TMCC sees big saving after rationalising and optimising liquidity risk
The challenge
Toyota Motor Credit Corporation (TMCC) runs one of the largest commercial paper (CP) programmes in the world, with over US$100bn direct issuance per year. It is one of the company’s primary short-term funding sources and liquidity management vehicles. The programme offers relatively cheaper borrowing cost given its short-term nature, but it also requires rigorous liquidity risk management as approximately US$200m-US$300m CP matures on any given day.
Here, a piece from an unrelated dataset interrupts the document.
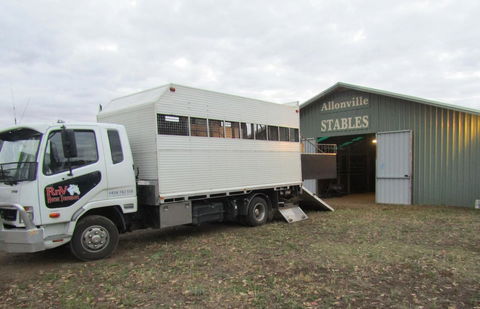 Allonville Gardens Motel - ACT Tourism 32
TMCC carries a short-term highly liquid investment portfolio to manage daily cash needs as well as to serve as the first line of defence in case of debt capital market disruption. Its investment portfolio is primarily funded by CP, which results in a negative carry cost, as investment yield is typically lower than that of CP.
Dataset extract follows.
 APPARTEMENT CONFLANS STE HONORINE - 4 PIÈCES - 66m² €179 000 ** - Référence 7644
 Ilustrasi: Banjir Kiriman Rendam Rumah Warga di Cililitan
While the investment portfolio serves as a risk buffer, it costs approximately US$20m-US$30m per year in carry cost. TMCC’s treasury was tasked to right size the investment portfolio to not only reduce the carry cost, but also optimise the liquidity risk profile.
The solution
After performing industry benchmarking and data analytics, the project team developed a solution in-house that includes three phases:
- Determined 30-day cash coverage is an appropriate amount for the investment portfolio. This affords treasury the right amount of time to deploy other contingency liquidity sources such as credit lines, securitisation and affiliate borrowings. It also conforms to the current banking industry practice under Basel’s liquidity coverage ratio (LCR), although it is currently not mandatory for captive finance company like TMCC.
- Optimised the CP issuance strategy which shifted some maturities from the one to around 30-day bucket into other maturity buckets, which in turn reduced the 30-day cash coverage requirement as mentioned above. At the same time, treasury was able to optimise the rest of the maturity buckets in order to maintain a similar portfolio average life and overall issuance cost as before.
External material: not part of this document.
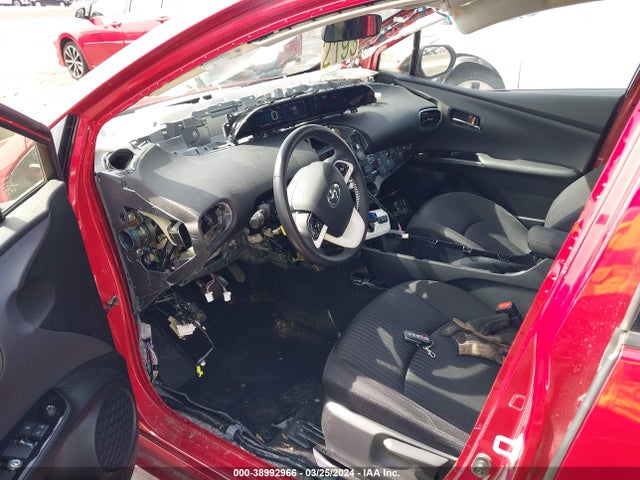 Toyota Prius Prime Plus 2019 JTDKARFPXK3115611 Image 6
- Developed a predictive data analytics model that can estimate future CP issuance and maturities, and automatically calculate ongoing cash coverage requirement.
Best practice and innovation
In collaboration with the CP sales and trading team, the project team was able to optimise risk profile while cutting down negative carry cost. By holistically examining the liquidity risk profile, treasury was able to identify areas it has some control over, such as the CP maturities which directly impact the cash coverage requirement. Reducing the one to around 30-day bucket of maturities lowers its short-term liquidity risk and allows a reduction in the size of the investment portfolio and its associated carry cost.
To better forecast future cash coverage requirement, the project team used various data tools (such as SQL Server, VBA) and techniques (such as linear programming) to create an automated process that brings current CP maturity profile and yield curve into a calculation engine which solves for a theoretically optimised future maturity profile and cash coverage requirement. Combining the machine assisted recommendation with qualitative assessment by the management team has elevated its decision-making capabilities in liquidity risk management.
Key benefits
- Reduced negative carry cost by approximately US$7m per year.
- Liquidity risk is better rationalised and optimised.
- Demonstrated how artificial intelligence (AI) can support decision making in liquidity risk management. Building on the success, the team is looking to expand AI in risk management and other treasury functions in near future.